A General Framework for Inference on Algorithm-Agnostic Variable Importance

成果类型:
Article
署名作者:
Williamson, Brian D.; Gilbert, Peter B.; Simon, Noah R.; Carone, Marco
署名单位:
Fred Hutchinson Cancer Center; University of Washington; University of Washington Seattle
刊物名称:
JOURNAL OF THE AMERICAN STATISTICAL ASSOCIATION
ISSN/ISSBN:
0162-1459
DOI:
10.1080/01621459.2021.2003200
发表日期:
2023
页码:
1645-1658
关键词:
regression
摘要:
In many applications, it is of interest to assess the relative contribution of features (or subsets of features) toward the goal of predicting a response-in other words, to gauge the variable importance of features. Most recent work on variable importance assessment has focused on describing the importance of features within the confines of a given prediction algorithm.
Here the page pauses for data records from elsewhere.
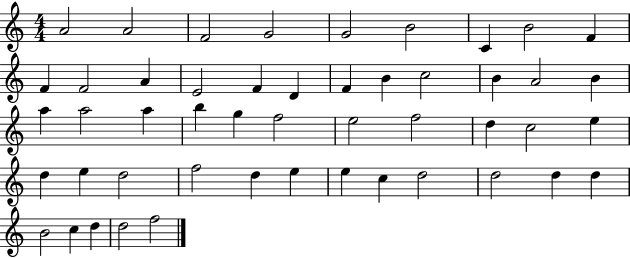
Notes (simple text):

A4/h A4/h F4/h G4/h G4/h B4/h C4/q B4/h F4/q F4/q F4/h A4/q E4/h F4/q D4/q F4/q B4/q C5/h B4/q A4/h B4/q A5/q A5/h A5/q B5/q G5/q F5/h E5/h F5/h D5/q C5/h E5/q D5/q E5/q D5/h F5/h D5/q E5/q E5/q C5/q D5/h D5/h D5/q D5/q B4/h C5/q D5/q D5/h F5/h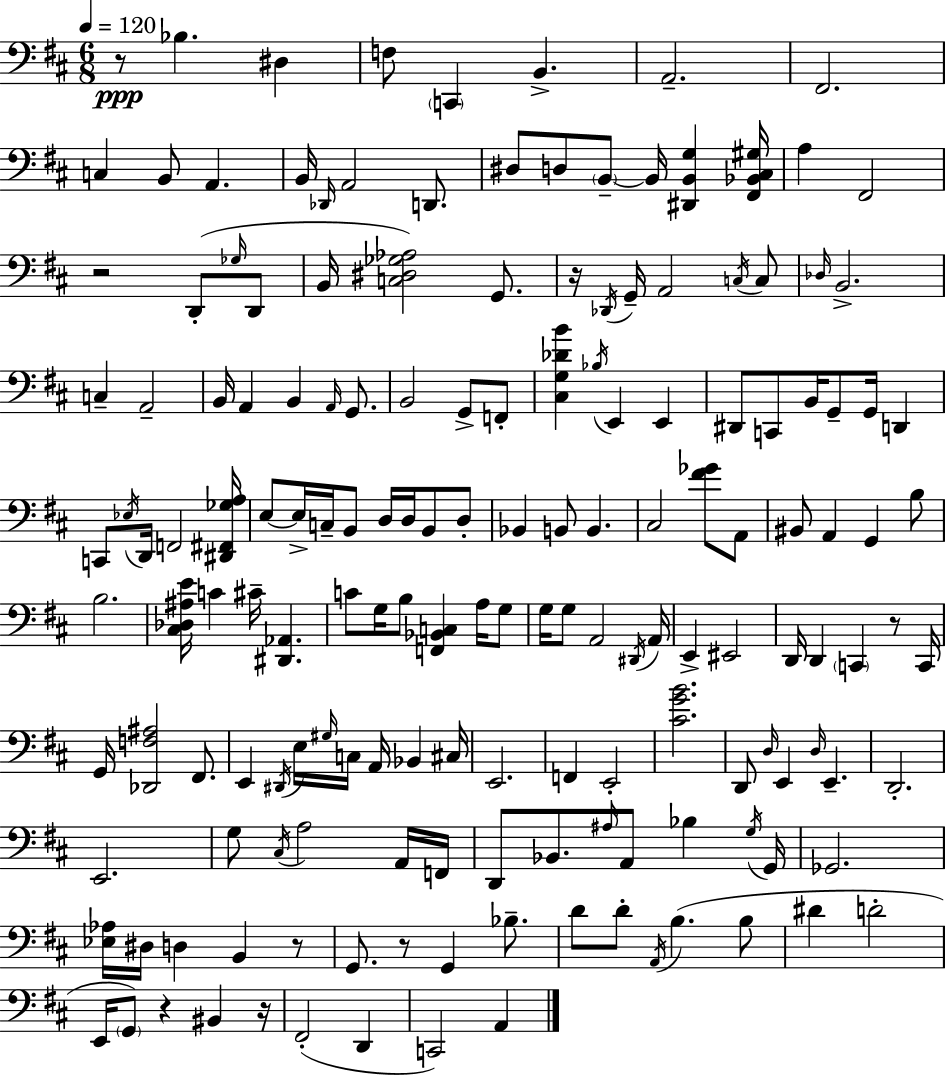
X:1
T:Untitled
M:6/8
L:1/4
K:D
z/2 _B, ^D, F,/2 C,, B,, A,,2 ^F,,2 C, B,,/2 A,, B,,/4 _D,,/4 A,,2 D,,/2 ^D,/2 D,/2 B,,/2 B,,/4 [^D,,B,,G,] [^F,,_B,,^C,^G,]/4 A, ^F,,2 z2 D,,/2 _G,/4 D,,/2 B,,/4 [C,^D,_G,_A,]2 G,,/2 z/4 _D,,/4 G,,/4 A,,2 C,/4 C,/2 _D,/4 B,,2 C, A,,2 B,,/4 A,, B,, A,,/4 G,,/2 B,,2 G,,/2 F,,/2 [^C,G,_DB] _B,/4 E,, E,, ^D,,/2 C,,/2 B,,/4 G,,/2 G,,/4 D,, C,,/2 _E,/4 D,,/4 F,,2 [^D,,^F,,_G,A,]/4 E,/2 E,/4 C,/4 B,,/2 D,/4 D,/4 B,,/2 D,/2 _B,, B,,/2 B,, ^C,2 [^F_G]/2 A,,/2 ^B,,/2 A,, G,, B,/2 B,2 [^C,_D,^A,E]/4 C ^C/4 [^D,,_A,,] C/2 G,/4 B,/2 [F,,_B,,C,] A,/4 G,/2 G,/4 G,/2 A,,2 ^D,,/4 A,,/4 E,, ^E,,2 D,,/4 D,, C,, z/2 C,,/4 G,,/4 [_D,,F,^A,]2 ^F,,/2 E,, ^D,,/4 E,/4 ^G,/4 C,/4 A,,/4 _B,, ^C,/4 E,,2 F,, E,,2 [^CGB]2 D,,/2 D,/4 E,, D,/4 E,, D,,2 E,,2 G,/2 ^C,/4 A,2 A,,/4 F,,/4 D,,/2 _B,,/2 ^A,/4 A,,/2 _B, G,/4 G,,/4 _G,,2 [_E,_A,]/4 ^D,/4 D, B,, z/2 G,,/2 z/2 G,, _B,/2 D/2 D/2 A,,/4 B, B,/2 ^D D2 E,,/4 G,,/2 z ^B,, z/4 ^F,,2 D,, C,,2 A,,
However, such assessment does not necessarily characterize the prediction potential of features, and may provide a misleading reflection of the intrinsic value of these features. To address this limitation, we propose a general framework for nonparametric inference on interpretable algorithm-agnostic variable importance. We define variable importance as a population-level contrast between the oracle predictiveness of all available features versus all features except those under consideration. We propose a nonparametric efficient estimation procedure that allows the construction of valid confidence intervals, even when machine learning techniques are used. We also outline a valid strategy for testing the null importance hypothesis. Through simulations, we show that our proposal has good operating characteristics, and we illustrate its use with data from a study of an antibody against HIV-1 infection. Supplementary materials for this article are available online.